15 November, 2019
Private limited companies are often at a crossroad when it comes to multiple investors looking at investment opportunities to infuse capital in a company. Due to the cautious approach undertaken by companies, it so happens that such investments are kept on a standstill until existing investment transactions are completed. While undertaking a preferential issue in accordance with the terms of Section 42 of the Companies Act, 2013, the question that arises in the company’s compliance officer’s mind is, whether making of a fresh offer to a prospective investor by a company pending the issue of shares under an existing resolution is permissible or not.
For instance, ABC, is an existing investor who had agreed to invest in Company X by subscribing to certain convertible preference shares in 2 (two) or more tranches. For this purpose, Company X had filed the offer letter on July 01, 2019 in single Form PAS-4 with the Registrar of Companies, wherein the offer period for the issuance and allotment of the convertible preference shares was 180 days from the date of the offer. Subsequently, ABC entered into the definitive agreements sometime in August 2019 for the purpose of subscribing to the convertible preference shares in 2 (two) tranches.
ABC has in relation to the aforesaid subscription remitted the amount for the first tranche and in consideration thereof, Company X issued the pro-rata convertible preference shares for the first tranche to ABC as well as filed the return of allotment in Form PAS-3. Company X is still awaiting the balance tranche payment from ABC.
The question which stems from the above illustration is whether a proposed investment by a New Investor pending the completion of the allotments of the second tranche convertible preference shares by Company X to ABC would be permissible.

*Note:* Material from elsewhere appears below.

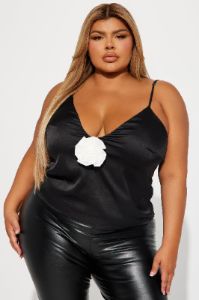 Soft Mood Satin Cami Top - Black/White sold by Fashion Nova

For this purpose, it is imperative to study the provisions of Section 42 of the Companies Act, 2013 and the Rules made thereunder in relation to issuance of securities on a preferential basis, particularly making of a fresh offer by a company pending issue of shares under an existing resolution (being the issue of remainder of the convertible preference shares to ABC). For this purpose, one needs to evaluate when is an offer under Section 42 is deemed to be complete.
Section 42 of the Companies Act, 2013 is silent on when an offer is construed to be completed. However, Section 42(5) of the Companies Act, 2013 states that "No fresh offer or invitation under this section shall be made unless the allotments with respect to any offer or invitation made earlier have been completed or that offer or invitation has been withdrawn or abandoned by the company."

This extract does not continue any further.